Beyond “warm impulses”

I’ve been catching up on the Museopunks podcast series, and a section of March’s installment, the Economics of Free, particularly caught my attention. In an interview, director of the Dallas Museum of Art, Maxwell L. Anderson compares the data that shopping malls collect about their customers to the relative paucity of data that is collected about visitors to the typical art museum. I think it’s worth repeating (from about 18min into the podcast):

[Malls] know all this basic information about their visitors. Then you go to an art museum. What do we know? How many warm impulses cross a threshold? That’s what we count! And then we’re done! And we have no idea what people are doing, once they come inside, what they’re experiencing, what they’re learning, what they’re leaving with, who they are, where they live, what interests and motivates them . . . so apart from that we’re doing great, you know. We’re like that mall that has no idea of sales per square foot, sales per customer. . . so we’re really not doing anything in respect to knowing our visitors. And learning about our visitors seems to me the most basic thing we can do after hanging the art. You know, you hang the art, and then you open the doors and all we have been doing is “hey look there are more people in the doors”.  And the Art Newspaper dedicates an annual ‘statistical porn’ edition of how many bodies crossed thresholds. Nobody’s asking how important the shows were, or what scholarly advances were realised as a function of them, or what people learned, how they affected grades in school. Nobody knows any of that. Nobody knows who the visitors were. So I consider it a baseline. We’re just at the primordial ooze of starting to understand what museums should be doing with this other part of our mission which is not the collection but the public.

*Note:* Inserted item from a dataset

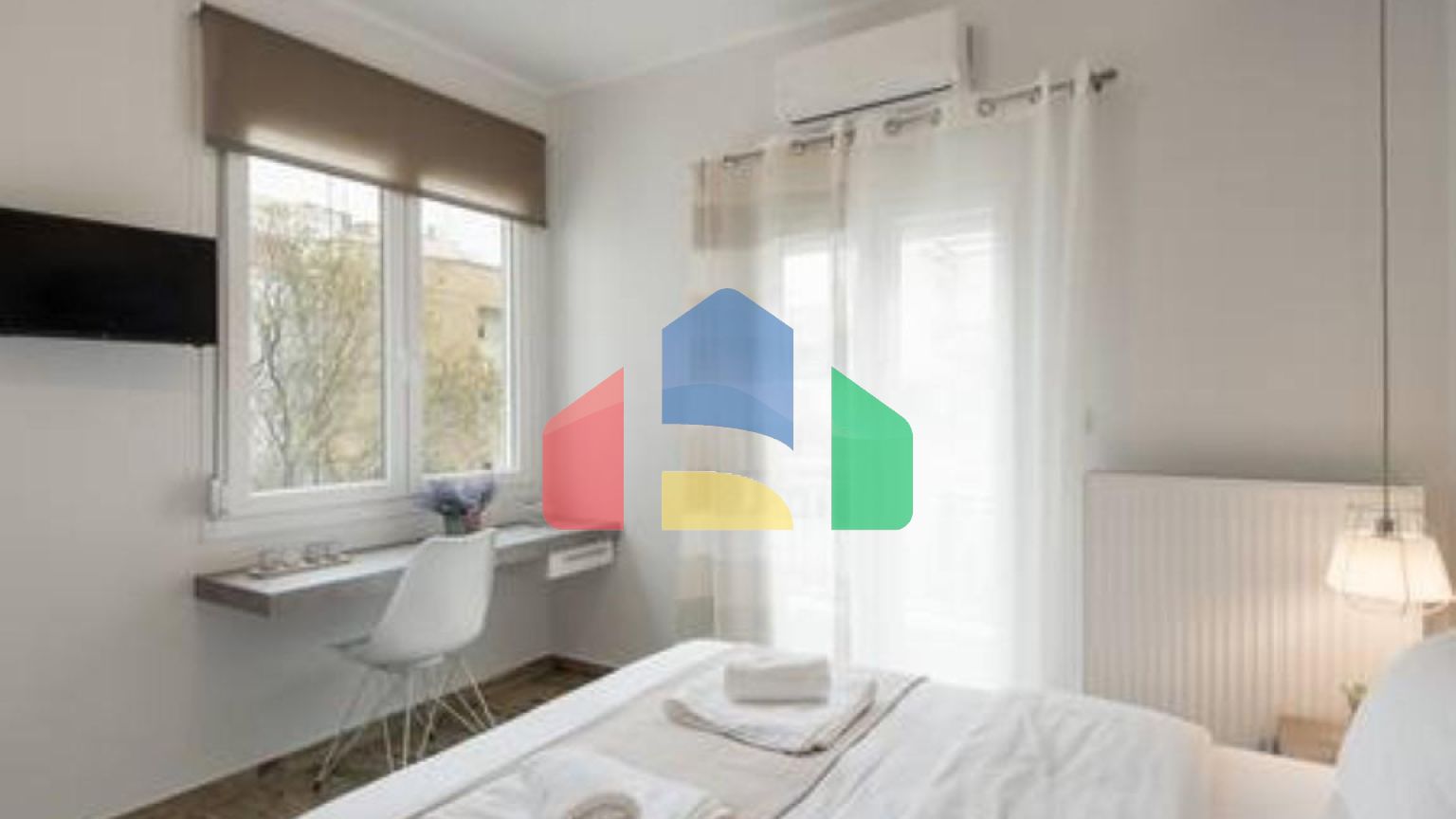 Продажа - Квартира 85 m² в Салониках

I’d argue that we’re a little bit beyond the ‘primordial ooze’ stage of understanding*, although Anderson’s right in that many museums don’t go much beyond counting ‘warm impulses’ (those infra-red people counters). He goes on to describe how the DMA’s Friends program is giving the museum more data about what their visitors do while inside the museum, and how this can inform their engagement strategies (22:45):

This is just another form of research, you know . . . we do research on our collections without blinking an eye, we think nothing of it. We spend copious amounts of time sending curators overseas to look at archives to study works of art but we’ve never studied our visitors. The only time museums typically study their visitors is when they have a big show, and they’re outperforming their last three years, everybody’s excited, and there’s a fever, and you measure that moment, which is measuring a fever. The fever subsides, the data’s no longer relevant but that’s what you hold on to and point to as economic impact. And largely, it’s an illusion.

I find it interesting that Anderson puts visitor research on a par with collection-based research. Often, I get the sense that collection research is seen as ‘core’ museological business, but visitor research is only a ‘nice to have’ if there is the budget. But perhaps this is a sign of shifting priorities?

 

*Historically, most visitor experience research has taken place in science centres, children’s museums, zoos and aquariums rather than museums of fine art. Although there are of course exceptions.